A Study of Romans (29)
Introduction
The law taught him about his sin and thus brought him an awareness of a need for the righteousness of Christ available by faith. The believer appreciates, therefore, the place of the law in the purpose of God. The law is good (7:12).
Contrast
The influence of the law is such that man is made aware of important things about himself and his nature. In these verses Paul brings out that awareness.
The nature of the law of God, when rightly understood, is a spiritual nature. This is the thing about the law that drives home to Paul a certain contrasting awareness about himself and about all men.
The question is, whose conflict is this?
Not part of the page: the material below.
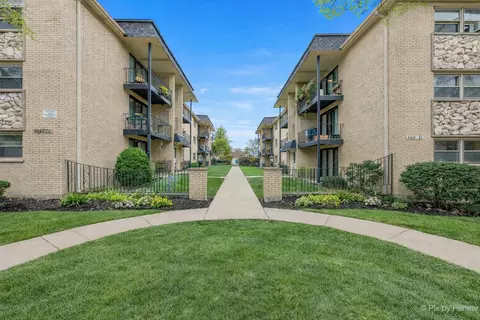2037 N Harlem Ave #1W, Chicago, IL 60707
Is this the conflict which a sinner experiences, or is this a Christian’s experience? And, if this is a Christian’s conflict, is it the experience of a defeated, so-called “carnal” Christian? Or is this conflict experienced by a typical, normal Christian, like Paul himself?
“Carnal” means, literally, “made of flesh.” When a man—even a saint of God—beholds the very spiritual character of God manifested in the divine standards of the law, he can only confess he lives in a vessel of flesh and that this “flesh” is depraved and sinful, still unredeemed.
Paul’s confession of “carnality,” then, is not unchristian when that carnality is measured by the contrast with true spirituality and when that carnality is understood to be true of the depraved “flesh.”
Conflict
Paul’s acknowledgment of carnality takes on added dimension in terms of the conflict described in verse 15. Here is certainly expressed a sense of frustration that some find hard to reconcile with genuine Christianity.
Thus Paul experiences within himself a struggle, a warfare between his fleshly nature and his spiritual nature. I find, then, that there is an ever-present conflict: I want this, but do that; I want that, but do this.
Consent
The “if” clause in this verse simply restates the conflict already indicated in verse 15. If I have this conflict, Paul says, between good intentions and evil results, then I have to recognize (agree) that the law is good.
The very nature of the struggle described testifies to the good character and purpose of the law. In other words, even for the Christian Paul, the law continues to set a spiritual Standard which the fleshly nature of Paul resists and is, indeed, incapable of fulfilling.